Jody Stiger, a Los Angeles Police Department sergeant serving as a prosecution witness, said that based on his review of video evidence, Chauvin’s knee was on Floyd’s neck from the time officers put Floyd on the ground until paramedics arrived — about 9 1/2 minutes, by prosecutors’ reckoning.
Prosecutor Steve Schleicher showed jurors a composite image of five photos taken from various videos of the arrest. Stiger went through each photo, saying it appeared that the Minneapolis officer’s left knee was on Floyd’s neck or neck area in each one.
“That particular force did not change during the entire restraint period?” Schleicher asked.
“Correct,” Stiger replied.
Stiger’s testimony came a day after Chauvin attorney Eric Nelson sought to point out moments in the video footage when, he said, Chauvin’s knee did not appear to be on Floyd’s neck.
Chauvin, 45, is charged with murder and manslaughter in Floyd’s death May 25. Floyd, 46, was arrested outside a neighborhood market after being accused of trying to pass a counterfeit $20 bill.
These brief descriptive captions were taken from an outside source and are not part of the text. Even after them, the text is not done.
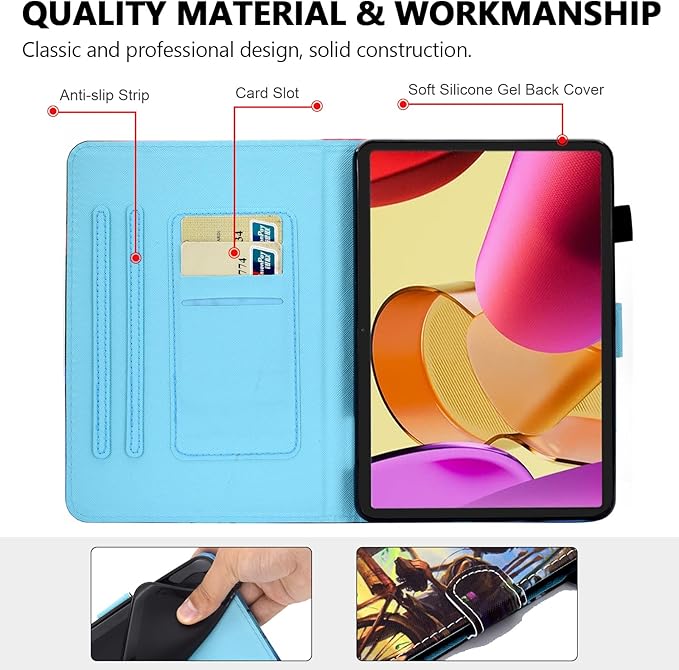 Case for Amazon Fire Max 11 13th Generation (2023) Techcircle Folio Stand PU Leather Magnetic Smart Wallet Soft Cover Protective Case with Pen Holder+Card Slots Auto Wake/Sleep Urban Biking
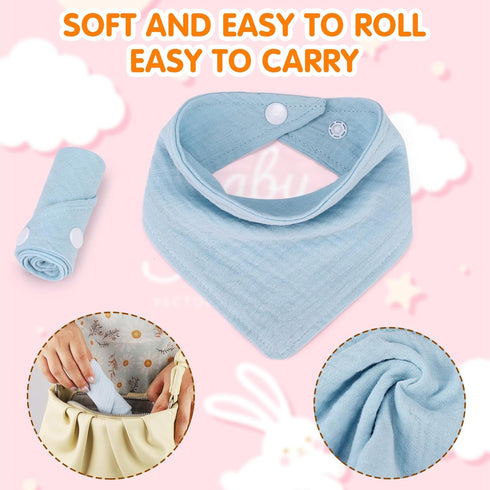 Accmor 10 Pack Muslin Baby Bibs Baby Bandana Drool Bibs 100% Cotton Baby Bibs for Teething and Drooling, Soft Bibs for Baby Girls Boys...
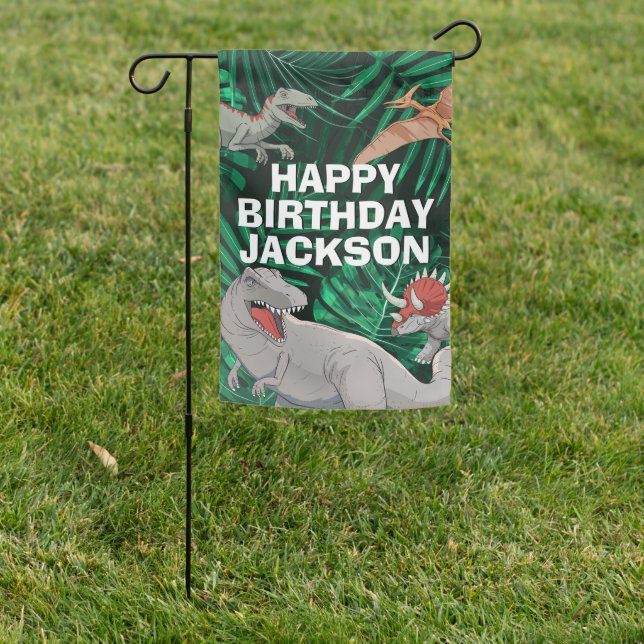 Kids Dino Jurassic Trex Boy Dinosaur Birthday Garden Flag (In SItu)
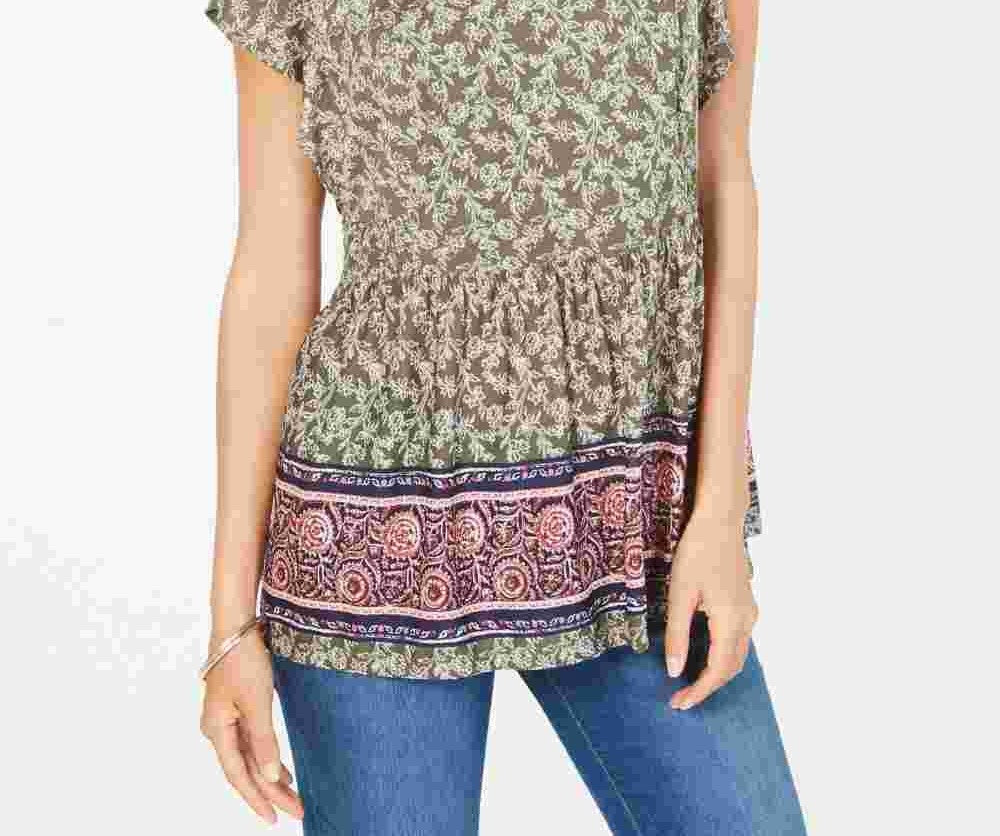 Style & Co Women's Petite Flutter-Sleeve Printed Peplum Top Green Size PM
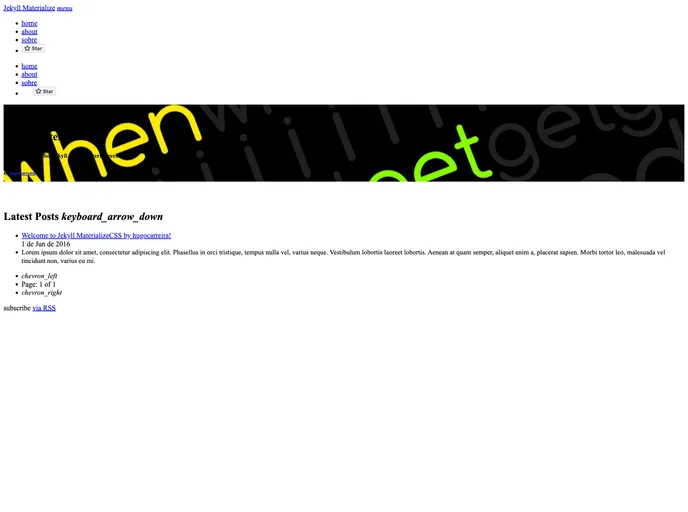 screenshot of Jekyll Materializecss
A panicky-sounding Floyd writhed and claimed to be claustrophobic as police tried to put him in the squad car, and they put him down on the pavement.
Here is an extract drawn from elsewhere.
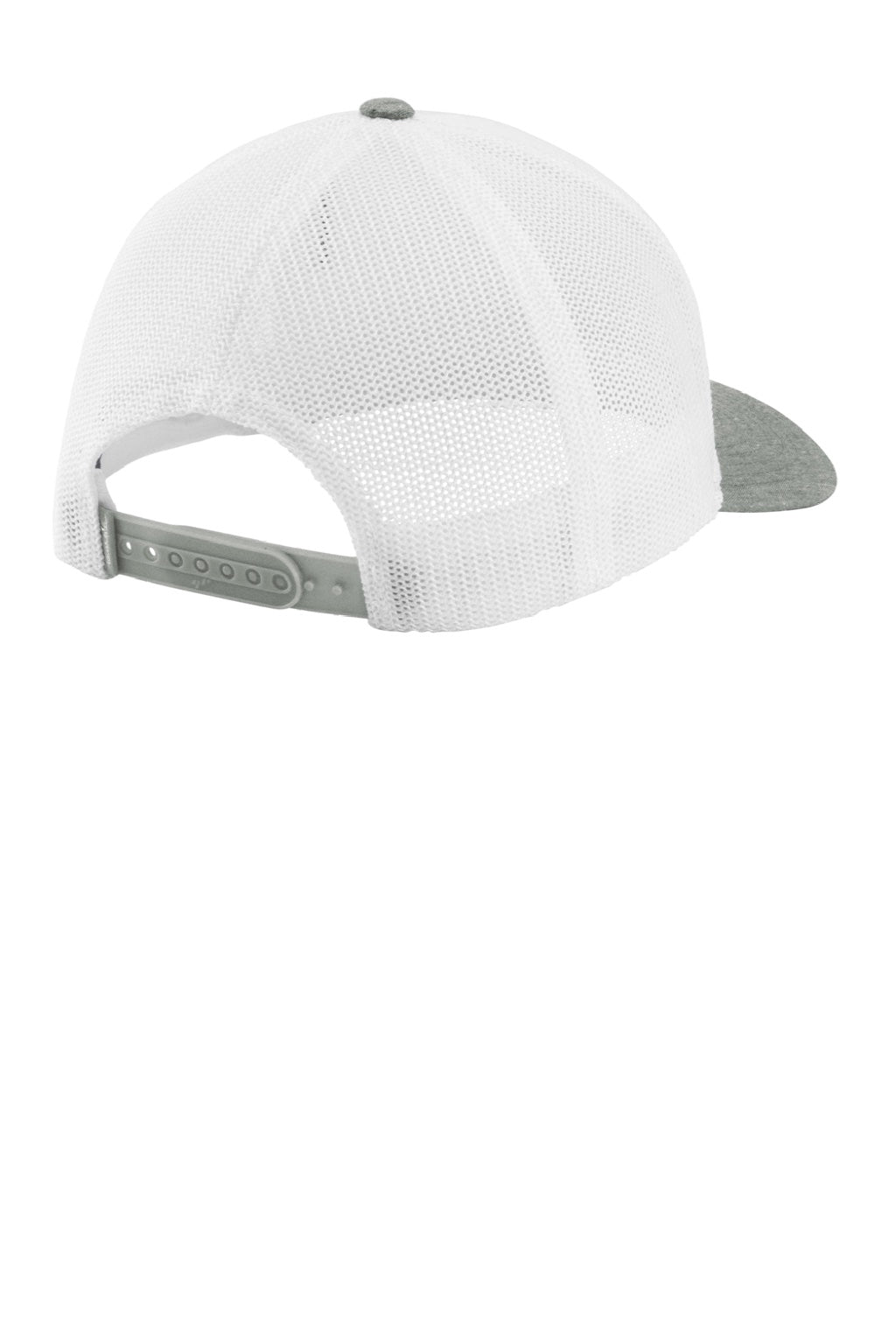 TravisMathew Hats TM1MY390 Mens Cruz Colorblock Adjustable Trucker Hat White/Heather Grey Flat Back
Bystander video of Floyd crying that he couldn’t breathe as onlookers yelled at Chauvin to get off him sparked protests and scattered violence around the U.S. and triggered a reckoning over racism and police brutality.
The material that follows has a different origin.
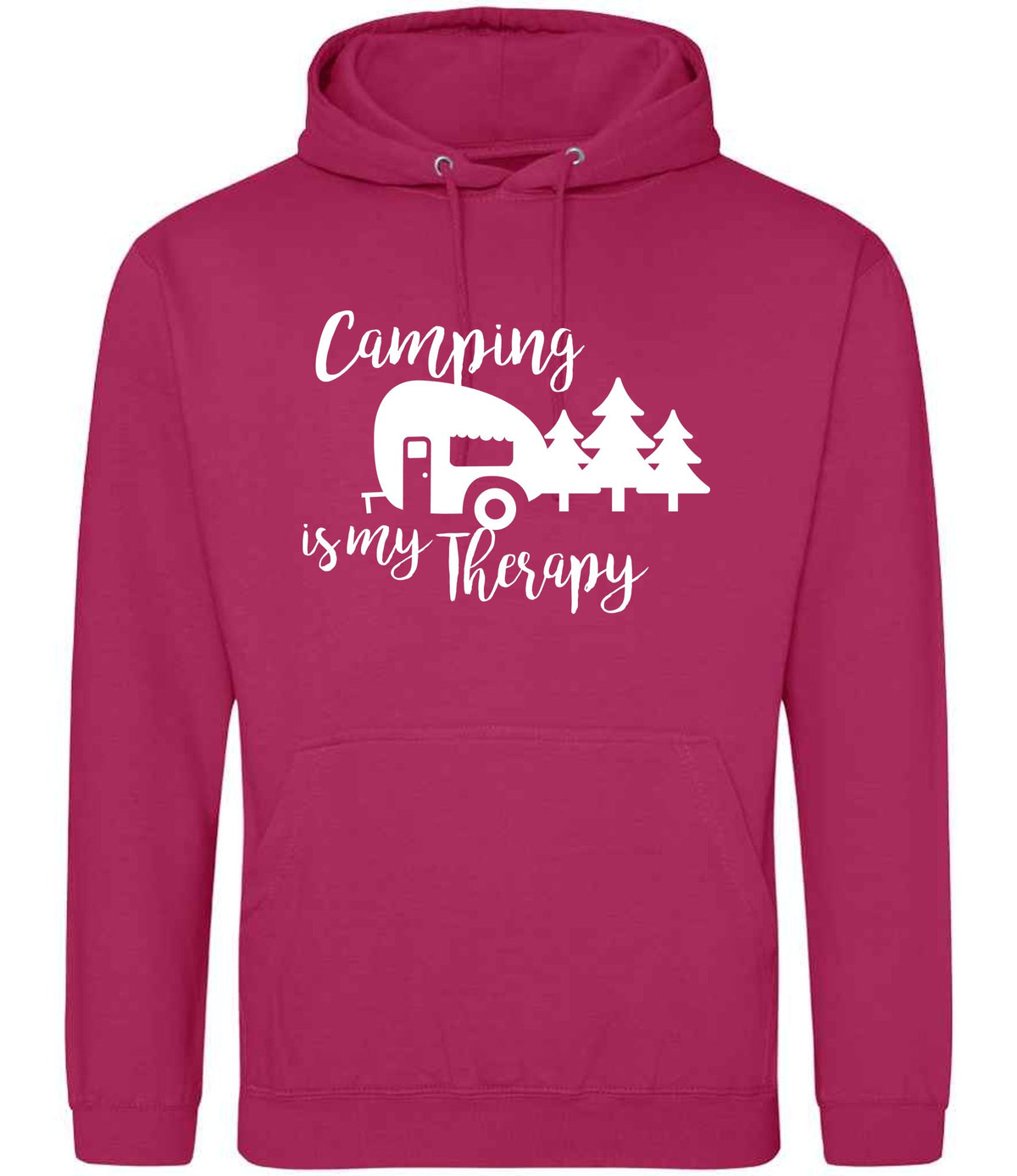 Camping Is My Therapy hoodie in hot pink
Nelson has argued that the now-fired white officer “did exactly what he had been trained to do over his 19-year career,” and he has suggested that the illegal drugs in Floyd’s system and his underlying health conditions are what killed him, not Chauvin’s knee.
Nelson has also contended that the officers on the scene perceived the onlookers as an increasingly hostile crowd and were distracted by them. On Tuesday, the defense attorney got some police witnesses to acknowledge that jeering onlookers can make it more difficult for officers to do their duty.
But on Wednesday, Stiger told the jury, “I did not perceive them as being a threat,” even though some onlookers were name-calling and using foul language. He added that most of the yelling was due to “their concern for Mr. Floyd.”
Stiger also testified that Chauvin squeezed Floyd’s fingers and pulled one of his wrists toward his handcuffs, a technique that uses pain to get someone to comply, but he did not appear to let up while Floyd was restrained.
“Then at that point it’s just pain,” Stiger said.
During cross-examination, Chauvin’s lawyer noted that dispatchers had described Floyd as between 6 feet and 6-foot-6 and possibly under the influence. Stiger agreed it was reasonable for Chauvin to come to the scene with a heightened sense of awareness.
Stiger also agreed with Nelson that an officer’s actions must be viewed from the point of view of a reasonable officer on the scene, not in hindsight.
The defense attorney also suggested that when Chauvin told Floyd to “relax,” he was trying to calm him down and reassure him. And Nelson said that given typical EMS response times, it was reasonable for Chauvin to believe that paramedics would be there soon.
It was Stiger’s second day on the stand. On Tuesday, he testified that the force used against Floyd was excessive. He said police were justified in using force while Floyd was resisting their efforts to put him in a squad car. But once Floyd was on the ground and stopped resisting, officers “should have slowed down or stopped their force as well.”
Instead of closing ranks to protect a fellow officer behind what has been dubbed the “blue wall of silence,” some of the most experienced members of the Minneapolis force, including the police chief, have taken the stand to openly condemn Chauvin’s actions as excessive and contrary to his training and departmental policy.
According to testimony and records submitted in court, Chauvin underwent training in 2016 and 2018 in de-escalation techniques to calm down people in crisis and instruction in how officers must use the least amount of force required to get a suspect to comply.